On another note, I like my hair again. I'll see if I can get all the heavens to align long enough for me to get a photo and show you the progress it's made in the last week. Cheers!

Friday, January 21, 2005


I’ve previously blogged on Lily’s word count. We’ve got another to add in and while it is not remarkable, the way she says it slays me. Lily very much enjoys closing doors while crooning “BYE-BYE!” But she doesn’t say “bye-bye” like a good Southern Californian would. No, she says “bye-bye” like a freaking southern bell. I think ChickenFlicken has been getting worked up over the missing twin and calling our house to speak like an excited Ya-Ya to our daughter, converting her adorable speech into something only heard in movies like Gone With the Wind. “Bah-bah” she hollers delightedly, closing the door and waving behind her. She can play this one for hours, folks. And Mark and I start cracking up every time. It’s one of those things you just gotta hear.

Thursday, January 20, 2005


I realized I have a whole lot of photos of Lily attacking the camera. She loves the darn thing. Every time I take it out, attempting to catch some great thing she’s doing over there, she comes tearing towards me, arms out and wants to push all the buttons. She’ll smash her eye against the viewfinder, smear her sweet little nose across the lens or work furiously to get the lens cap back on… where it clearly belongs. Rather than get annoyed at all these ruined Kodak moments, I chose to share some of the highlights. Oh, and let me know if all the photos make it hard for the page to load, I’ll move them or something.

On with the show:

Only a few months old and she’s spied the camera


Getting closer


Even while naked


Gimmie


Notice the camera lens on the left side of the screen?

OK, well she is a cutie


Stop it, Mama… or give me the camera!


Is she cross eyed?



Hoodie girl


My personal favorite

Wednesday, January 19, 2005


I knew that sappy post from earlier meant something. Couple pregnancy hormones with this freaking cold and you have one very foggy, spaced out mama who writes the dribble below. I’ve left work early so I could go get an adjustment and then go to sleep. My boss actually told me I wasn’t worth much today… don’t get righteous for me, she was totally right. I’m a mess. I feel like my head is this balloon, attached only loosely to my neck and bobbing along somewhere up there in the sky while messages to my body (like, “hey, turn left or you’ll run into a wall”) take an inordinate amount of time to reach their various destinations, causing a string of bumps and bruises that will really be annoying when I feel less numb. It’s a wonder I got home alive.

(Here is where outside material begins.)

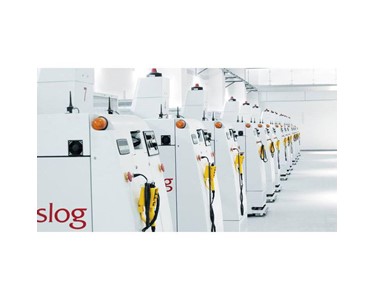 Swisslog - AGV Automated Guided Vehicle System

Lily is hanging out with Grandma today and Mark is… gone somewhere. So, I shall hit the “Publish Post” button and take my sorry ass off to bed. Hope you all have a spiffy day.

I complain about my husband on a fairly regular basis. Not because I don’t adore him, mind you. Because of the shear volume of time we spend together, he’s bound to bug me every once in a while.

But I want to point out one of the reasons that I love that man. In the middle of the night, when he is sound asleep and I awake from some bizarre “Jurassic Park” take-off nightmare, I know that I can snuggle up to him, whisper “I had a bad dream” and he’ll pull me in tight, kiss my sweaty hair and whisper back, “I’m sorry.” I believe he does this without really waking and so I don’t feel badly about bothering him in the middle of the night. He never complains, just holds me and makes me feel safe.

That and he’ll get up in the middle of the night to tend to a crying child or get up early if she awakes before it’s even light outside.
And he always puts the toilet seat down.
He’s silly and can get me laughing like a teenage girly-girl.
He doesn’t take himself too seriously.
He works with his hands (carpenter) and there is nothing sexier than a dirty man who smells like sawdust. Seriously.
Our daughter thinks he’s the most amazing man who ever lived… and most of the time, I wouldn’t argue with her on that one.
And even when I am most annoyed by some obnoxious thing he does, I still have never woken up the next day and wished he wasn’t mine.

Told you this was a sappy post.

Monday, January 17, 2005


This is what happens when the camera lens is foggy. Cool, huh?

Sunday, January 16, 2005

Went for a haircut the other day and, um, I look like a mom. I didn't want a mom cut and yet, look at me!




It's better when wet, but come on people! This is so not cool. It'll probably chill out in a week or so, but for now, you'll find me popping into random kids soccer games so I can yell "run, Billy, run! You can DO IT!"

Saturday, January 15, 2005


Went to breakfast with friends this morning and ran into another friends current boy (not boyfriend, mind you… just a guy she, um… enjoys). He was there with some friends who had a little girl about a month older than Lily. The mama was pregnant and I asked how far along she was. “The baby is due in May” she told me. “Mine too!” I replied.

Big pause followed by a somewhat icy stare directed at my mid-section.

“You don’t even look pregnant.”

“It was like this with Lily as well,” I explain, “I just looked fat until about 7 months!” I laugh, secretly thinking, BITE ME!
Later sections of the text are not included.